Una vez estacionados entramos a la respectiva habitación donde nos encontramos la sala que trata de darnos esa sensación de sentirnos como en casa.
En la mesa de centro tenemos el menu de alimentos para ponerte filoso,(aunque para ser sinceros, pues uno ya llega filoso) y de los preservativos. Hay que hacer un incapie en que todos los elementos con los que cuenta la habitación deben tener el logotipo del motel.
Posteriormente tenemos la cama donde vamos a dormir (ja como si eso fuera a suceder), chale aunque esta vez si la use para dormir, notese que hay espejos para sentirse con actores pornos.
Aqui tenemis la vista contraria de la cama
Posteriormente tenemos aqui la parte del baño para lo que se pueda llegar a necesitar.
No puede faltar la parte donde tenemos el jabón y demás accesorios para la limpieza personal, de donde surge la famosa frase hueles a rosa venus o eno de praviada, que últimamente se ha degenerado y se utiliza la frase (verdad Alfredo) hueles a ano de pravado.

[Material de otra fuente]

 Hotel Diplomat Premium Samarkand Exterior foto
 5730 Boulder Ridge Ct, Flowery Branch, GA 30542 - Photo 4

Finalmente tenemos una vista general de las habitaciones del motel con el cerro de la silla de fondo
Aquí les dejo esta última postal, donde podemos observar el letro principal del motel, que nos remontara a aquellas obras de arte del cine nacional de la decada de los 80's como Lola la Trailera, a poco no les dio envidia.
5 comentarios:
Me cae que tengo puros cuates surrealistas.
Vaya hasta que alguien comenta.
Es que restringiste los comentarios a solo los que tienen un blog, checalo.
Esa imagen de la programacion televisiba esta algo explicita y eso de que nunca habias ido a uno mis huevos.